Cancer vaccines are an active area of research for many labs, but the approach taken by Shah and his colleagues is different. Instead of using inactivated tumor cells, the team is repurposing living tumor cells, which possess an unusual feature. Like pet pigeons returning to the roost, living tumor cells will travel long distances through the brain to return to the site of their fellow tumor cells. Taking advantage of this unique property, Shah’s team engineered living tumor cells using the gene-editing tool CRISPR-Cas9 and re-engineered them to release a tumor-killing agent. In addition, the engineered tumor cells were designed to express factors that would make it easier for the immune system to spot, tag, and remember them, priming the immune system for a long-term antitumor response.

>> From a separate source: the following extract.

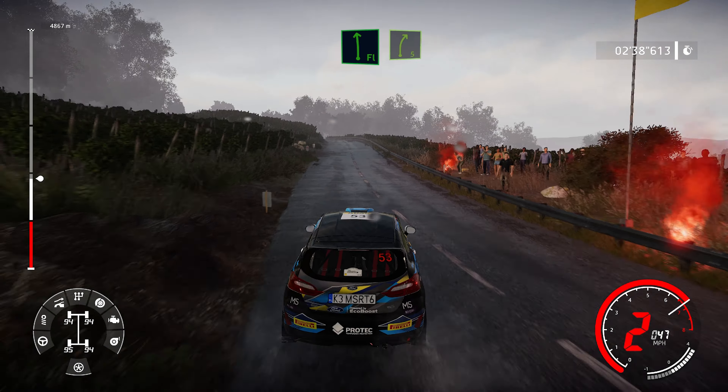And caution, right 4, cut, into left 5, don't cut, brake. Into left 3, keep in, to right 4, into hairpin left, cut, 30.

The team tested their repurposed CRISPR-enhanced and reverse-engineered therapeutic tumor cells (ThTC) in different strains of mice including one bearing human-derived bone marrow, liver and thymus cells, mimicking the human immune microenvironment. Shah’s team also built a double-layer safety switch into the cancer cell that, when activated, eradicates TTCs if needed. This dual-acting cellular therapy was safe, applicable, and effective in these models, suggesting a plan toward therapy. Although further testing and development is needed, Shah’s team specifically chose this model and used human cells to ease the path to translating their findings to patient settings.
“Through all the work we do at the Center, even when it’s very technical, we never lose sight of the patient,” Shah said. “Our goal is to take an innovative yet translatable approach so that we can develop a therapeutic cancer vaccine that will ultimately have lasting impact in medicine.” Shah and colleagues note that this therapeutic strategy is applicable to a wider range of solid tumors and that further research into its application is warranted.
Reference: “A bifunctional cancer cell-based vaccine simultaneously promotes direct tumor killing and antitumor immunity” Kok-Siong Chen, Clemens Reinshagen, Thijs A. Van Schaik, Filippo Rossignoli, Paulo Borges, Natalia Claire Mendonca, Reza Abdi, Brennan Simon, David A .Reardon, Hiroaki Wakimoto and Khalid Shah, 4 Jan 2023, Science translational medicine.
Disclosures: Shah owns stock and serves on the board of directors of AMASA Therapeutics, a company developing stem cell-based cancer therapies.
Funding: This work was supported by the National Institutes of Health (grant R01-NS121096).